Increasing the spacing of the tolerance range in areas with high signal gradients in lateral direction, the calculation of the upper and lower threshold values is implemented by moving maxima and minima. Two parameters \(t_{b}\) and \(t_{f}\) are used to define the window size for the moving calculation, which results in a hull curve of the signal as follows:

$$\begin{aligned} \begin{aligned} x_{k,t}^{U} = \max _{t-t_{b} \le t \le t + t_{f}, i \in I_{k}} x_{i,k,t}, \quad 0 \le t \le T_{k}, \\ x_{k,t}^{L} = \min _{t-t_{b} \le t \le t + t_{f}, i \in I_{k}} x_{i,k,t}, \quad 0 \le t \le T_{k} \end{aligned} \end{aligned}$$
(3)

The calculation of the adjusted tolerance range taking into account the waveform is carried out based on these upper and lower thresholds according to the following rule:

$$\begin{aligned} \begin{aligned} Tr_{k}^{U} = \{ x_{k,t}^{U} + \epsilon _{1}(P_{99}^{k}) + \epsilon _{2}(x_{k,t}^{U}-x_{k,t}^{L}) + \epsilon _{3}\sigma _{C_{k}} ^{2}, \quad 0 \le t \le T_{k}\} \\ Tr_{k}^{L} = \{ x_{k,t}^{L} - \epsilon _{1}(P_{99}^{k}) - \epsilon _{2}(x_{k,t}^{U}-x_{k,t}^{L}) - \epsilon _{3}\sigma _{C_{k}} ^{2}, \quad 0 \le t \le T_{k}\} \end{aligned} \end{aligned}$$
(4)

\(x_{k,t}^{U}\) and \(x_{k,t}^{L}\) denote the previously formed hull curves, which result from the sliding maxima and minima over the respective clustered signal values. \(\epsilon _{1}, \epsilon _{2}, \epsilon _{3}\) denote hyperparameters which determine the influence of the corresponding variables with \(\epsilon _{1}\) weighted value \(P_{99}^{k}\) corresponds to the 99th percentile of the difference between the hull curve and the representative for cluster k.
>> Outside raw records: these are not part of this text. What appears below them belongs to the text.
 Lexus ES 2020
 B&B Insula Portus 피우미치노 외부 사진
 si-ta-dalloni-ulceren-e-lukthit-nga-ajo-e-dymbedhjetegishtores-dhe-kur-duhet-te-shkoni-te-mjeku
This is used to form a wider tolerance range in the case of noisy signals since the value of \(P_{99}^{k}\) is larger here. Using \(\epsilon _{2}\), the distance of the upper value of the envelope from the lower value can be weighted and included in the calculation. Finally, the intra-cluster variance \(\sigma _{C_{k}} ^{2}\) is included in the calculation of the tolerance band via weighting parameter \(\epsilon _{3}\), which can be used alternatively or in combination with \(P_{99}^{k}\) for the inclusion of the noise.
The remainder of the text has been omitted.